Sounds of Silence: Valentino . . . the Lustiest of Them All

May 28, 1991|JACK SMITH

My wife and I went to the Silent Movie the other night to see "The Sheik," the 1921 classic starring Rudolph Valentino. (The Silent Movie, at 611 N. Fairfax Ave., shows silent movies on Friday and Saturday nights, admission $5.)

"The Sheik" is an unabashed romance. The story: Agnes Ayres (as Diana Mayo, a titled English orphan, impulsive, headstrong and burning with a dormant passion) is traveling in Arabia. Valentino is Ahmed Ben Hassan, a rich and powerful Bedouin sheik. A nomad. In a casino where men are gambling for women, their eyes meet. His face is suffused by pure lust. His eyes widen with undisguised lechery. His lips fold back voluptuously over his perfect teeth. Agnes retreats.

Later he serenades her, singing "Pale hands I love. . . . " Of course we don't hear him singing. We only see the words on the screen.

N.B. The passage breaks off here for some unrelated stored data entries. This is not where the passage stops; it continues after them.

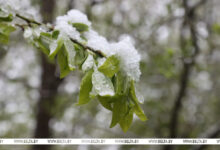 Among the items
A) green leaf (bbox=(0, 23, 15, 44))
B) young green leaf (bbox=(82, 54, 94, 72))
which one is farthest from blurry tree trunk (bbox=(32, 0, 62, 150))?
young green leaf (bbox=(82, 54, 94, 72))

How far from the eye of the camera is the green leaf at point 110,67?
1.99 feet

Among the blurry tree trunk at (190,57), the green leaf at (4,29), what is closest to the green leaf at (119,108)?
the green leaf at (4,29)

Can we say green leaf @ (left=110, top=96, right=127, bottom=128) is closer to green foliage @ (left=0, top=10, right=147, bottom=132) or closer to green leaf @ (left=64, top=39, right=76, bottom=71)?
green foliage @ (left=0, top=10, right=147, bottom=132)

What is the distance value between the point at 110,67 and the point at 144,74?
3.01 meters

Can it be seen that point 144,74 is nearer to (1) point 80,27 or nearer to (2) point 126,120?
(1) point 80,27

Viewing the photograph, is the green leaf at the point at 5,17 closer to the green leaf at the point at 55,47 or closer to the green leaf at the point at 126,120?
the green leaf at the point at 55,47

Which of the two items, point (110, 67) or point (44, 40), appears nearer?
point (110, 67)

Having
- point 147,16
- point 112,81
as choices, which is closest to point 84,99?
point 112,81

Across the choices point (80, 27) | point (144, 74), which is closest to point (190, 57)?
point (144, 74)

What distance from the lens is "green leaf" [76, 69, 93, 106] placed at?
2.09 ft

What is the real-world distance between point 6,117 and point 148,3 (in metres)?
3.82

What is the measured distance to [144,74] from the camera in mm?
3574

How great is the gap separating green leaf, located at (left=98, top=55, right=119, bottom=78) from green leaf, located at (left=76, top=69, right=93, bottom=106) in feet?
0.16

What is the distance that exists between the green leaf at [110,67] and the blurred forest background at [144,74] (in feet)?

The foolhardy Agnes (perhaps hoping to be captured) rides out into the desert and is of course captured and taken to Ahmed's tent. His advances are repulsed. Ahmed is uncomprehending but not rapacious. She tries to escape but is recaptured. Days later, she rides out with Ahmed's trusted retainer, Gaston (a friend from Ahmed's school days in Paris) as her guard. In a sentimental moment she writes a message in the sand: "Ahmed--I love you."

They encounter the bandit Youssef and his men. Gaston is shot. Agnes is taken to Youssef's tent to face a fate worse than death. Searching for her, Ahmed finds Agnes' message in the sand. He and his men storm Youssef's castle. Agnes is rescued but Ahmed takes a blow to the head and lies unconscious for days.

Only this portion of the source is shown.